Hotel makeover brings taste of Hepburn's era to Florence

The Hotel Cerretani Firenze ­– MGallery by Sofitel offers leisure travellers a retreat right in the heart of the Florence.
Yang Di

Elements from the 1950s to create a contemporary, elegant setting through colors and materials.

The Hotel Cerretani Firenze — MGallery by Sofitel offers leisure travellers a retreat right in the heart of the Florence, just steps away from the magnificent Duomo, the historic center and the buzz of the city. 

The hotel’s public spaces and the 86 rooms are all designed to woo with contemporary chic in a city where art and culture abound. The hotel envelops its guests in warmth and tranquility, from entering the lobby to the rooms.

The building itself is a palace dating back to the 16th century and was built at the corner of Via de Cerretani and Via de Panzani by the ancient Florentine family of the Carnesecchi.

Designer Cornelia Markus-Diedenhofen’s objective was to turn the very old-fashioned look into a contemporary design aiming to give guests the feeling of being at home.

“When I first saw the space, I found myself in an 80s-style hotel and all the historic elements had been eliminated,” she said.

“The rooms were filled up with furniture that did not match the room sizes. All in all, it looked pretty much worn out.”

Although the building was in good condition, the historic façade needed restoration so the owners decided to not only recreate the inside, but also the exterior.

The challenge during the renovation was definitely to work in harmony with the ancient and historic neighborhood, said Cornelia.

“You are not allowed to drive into the ‘centro storico’ with a big truck to get things out or bring in new furniture. So we had to transport all the items with little vans which took a lot of effort and time,” she said.

“Also, changing the revolving entrance door was a tough thing. We did all the work in thee parts, because the hotel had not been closed down and there were always about 50 rooms in operation. The logistics were tough, but the guests were incredibly relaxed, seeing that something new and very nice was coming up.”

Since nothing historic remained except the staircase from the ground to the fourth floor, there was no pressure about creating the old palace feeling.

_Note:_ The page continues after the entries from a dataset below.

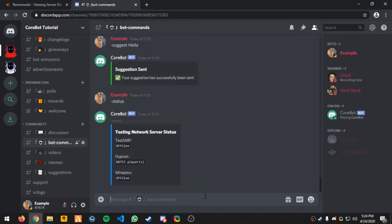As you can see, test SMP is offline, this is not a real link. Hypixel has 68,000 members online right now, that's insane. Then mineplex is offline. I'm pretty sure I put in the wrong IP for it anyway.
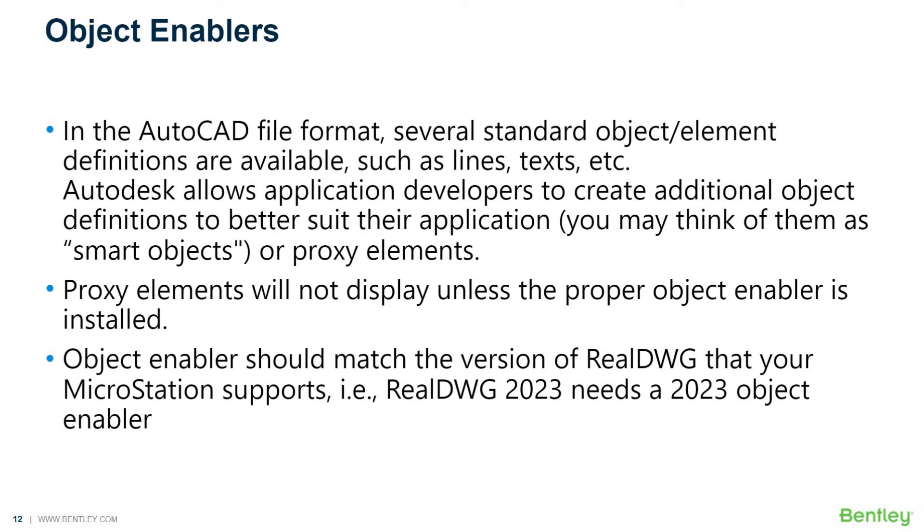Proxy elements will not display unless the proper object enabler is installed. Object enablers should match the version of RealDWG that your MicroStation supports. For example, RealDWG 2023 needs a 2023 object enabler, and that's why I mentioned typing in the version in your key-in entry to see what that is.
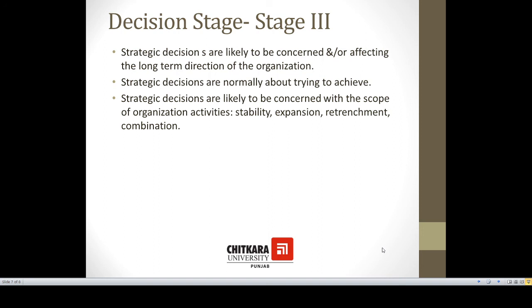So this was all about strategic analysis and choice.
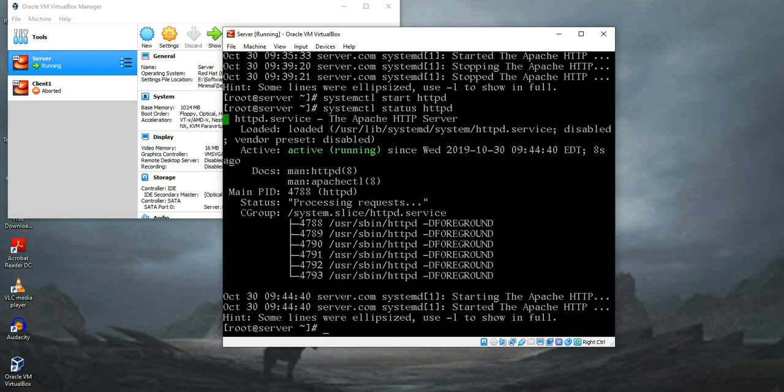If you reboot the system this service will stop running and you have to enable it manually. If you enable the service now then you do not have to do that and the service will initiate on reboot.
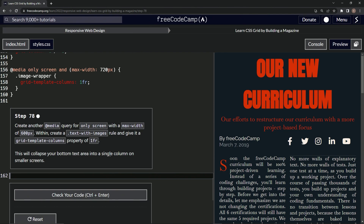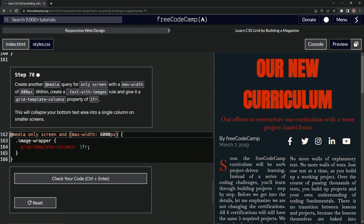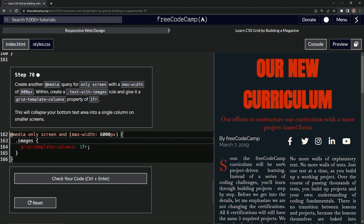This is going to collapse our bottom text area into a single column on smaller screens. So let's take this — it's basically the same thing, we're just changing up the max-width and the class we're selecting. We'll say 600 pixels, and then right here we'll make it text-with-images, turning that into an S and adding text-hyphen-with-hyphen.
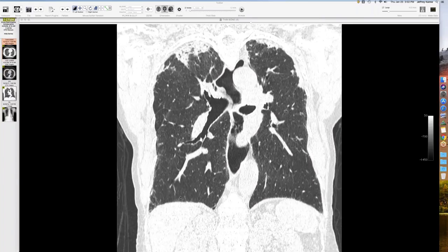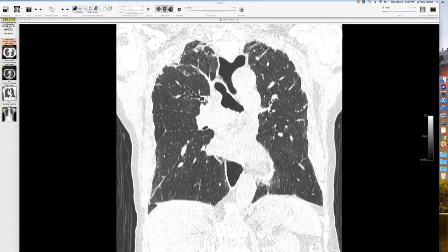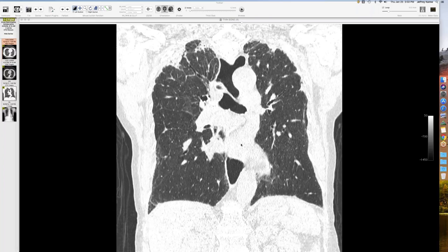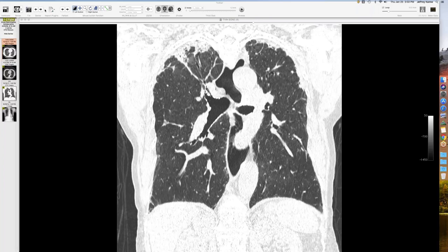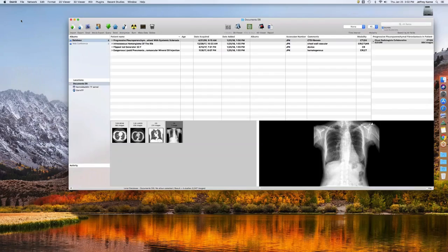No biopsy planned, but the imaging and progression fit pleural parenchymal fibroelastosis. We've been seeing this more and more — previously chalked up to age-related changes, but we're now recognizing it earlier: when there's a little too much involvement, extending centrally, with upper lobe volume loss features.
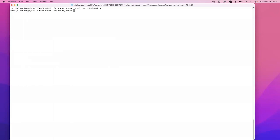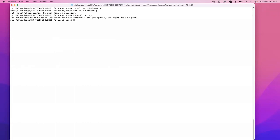Let's go ahead and remove this config file. Now the file is empty. If I type kubectl get ns — which stands for kubectl get namespace — I hit enter and I get: 'the connection to the server localhost was refused.' That's because I don't have the config file anymore. The config file is the key to the cluster — without it you cannot create, list, or do anything on the cluster.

“The height of the former hall had been reduced and we found nice historic elements when opening the ceilings, but there was not a chance to use anything that remained because everything was badly damaged,” Cornelia said.

“So I thought about other themes of Florentine history and looked at the place as having been the cradle of fashion design in Italy and the world.”


Yang Di / SHINE

The designer chose the creamy tones to make rooms look brighter and bigger.

Cornelia decided to bring a touch of 1950s glamor into the design of the hotel.

“One of the most popular and most loved actresses at that time was Audrey Hepburn, so I chose this icon as a symbol,” she said.

Cornelia has incorporated elements of that period into the furniture design and especially in the ceiling in the restaurant. She wanted to create the atmosphere of an inviting living room rather than a standard hotel restaurant. 

Since the reception counter of the hotel used to be a marble block and looked very martial, Cornelia used leather to give a soft touch to the colder elements and she also integrated brass to give warmth to the overall design. The carpets in the lobby and bar area were custom-made in Nepal.

For the 86 guest rooms, Cornelia again used elements from the 1950s to create a contemporary, elegant setting through colors and materials. The flavor of the period is seen in the chairs, legs of the tables and pictures of 1950s Florence.

As the rooms are compact, she chose the creamy tones to make them look brighter and bigger.

“Creamy tones also give off a fashion vibe and the city itself gives you so many colorful impressions and so much to look at,” Cornelia said. “I want the guests come and relax in a more soothing environment.”